May 13 - IATA Mystifies Over Privacy Obligations

BTC Asks Three Simple Questions

Brussels, Belgium, 13 May 2009 – Business Travel Coalition (BTC) today responded in disbelief that the International Air Transport Association (IATA) now insists its Passenger Intelligence Services (PaxIS) product is compliant with the new EU CRS Code of Conduct and was so from the date the new Code took effect on 29 March 2009. This latest position comes after recently arguing that the Code did not even apply to its organization.

In March, IATA emphatically told Aviation Daily that the Code did not apply to its PaxIS product. IATA dismissed BTC’s concerns out-of-hand and told the publication, “The concerns of the Business Travel Coalition appear to be misguided. Privacy is a concept applied to individuals, not commercial entities.”
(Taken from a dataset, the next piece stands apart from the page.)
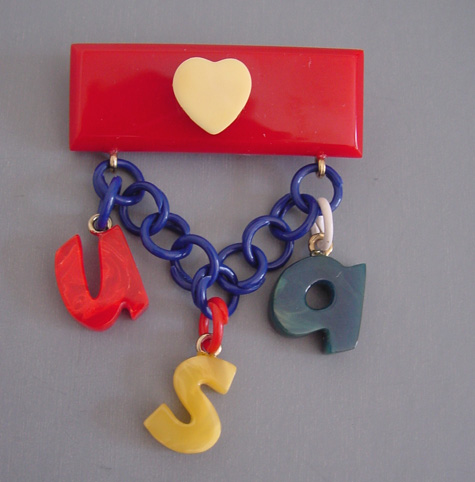 SHULTZ bakelite patriotic brooch “USA”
In April, the European Commission confirmed in writing that IATA’s assertion was flatly wrong and IATA’s PaxIS product is indeed covered by the new Code, which was purposefully designed to shield the identification of travel agencies and corporations that purchase air transportation services except that the identity of the travel agency booking reservations may be disclosed if the travel agency specifically agrees to that disclosure.

Now, IATA insisted last week to Business Travel News in a grand and sweeping statement that its PaxIS product is compliant with the revised Code.
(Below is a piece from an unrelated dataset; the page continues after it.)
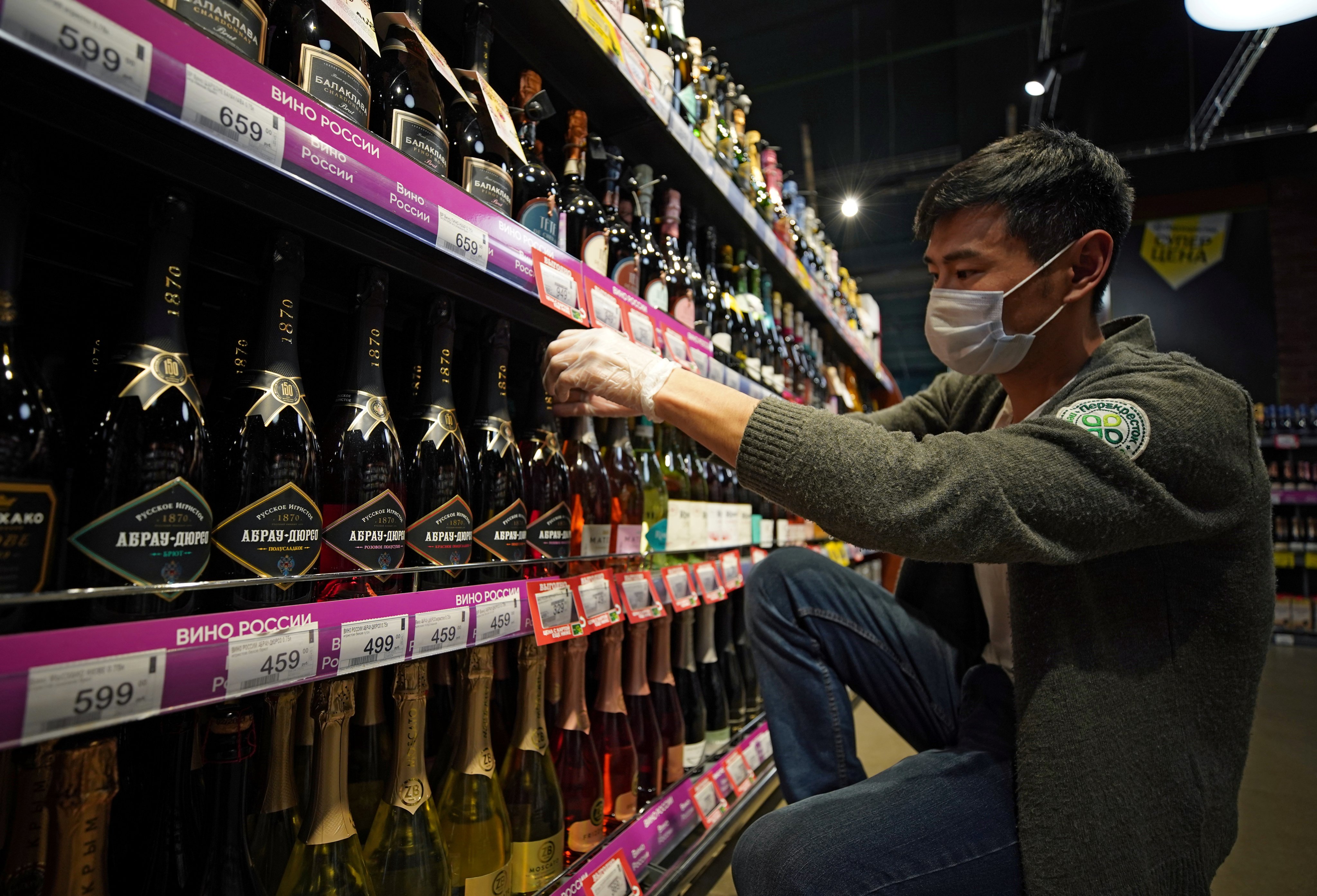 A worker arranges bottles of Russian sparkling wine at a supermarket in Moscow. Photo: Reuters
BTC chairman Kevin Mitchell asks IATA once again to answer three simple questions with respect to why it holds itself out as is in compliance with the Code: “One, does IATA insist it is compliant because it is masking travel agency identities? Two, if IATA is not masking travel agency identities, what specific document (dated after 29 March 20091) can it produce to prove IATA has the required consent for identification in marketing data for each travel agency in Europe? Three, can IATA confirm that it is masking in all cases the identity of the corporate purchasers of air travel?"

Mitchell noted that the IATA PaxIS product is an especially intrusive and troubling data product because unlike any other data product, PaxIS shows the average price of tickets sold on specific routes on airline competitors by specific travel agents.

1Editor’s note: The European Commission has indicated that an agreement that permits travel agencies to be identified cannot be based on a contract executed prior to the new 29 March Code of Conduct, unless said agreement expressly includes a term on the acceptance by the travel agency to be identified in marketing data.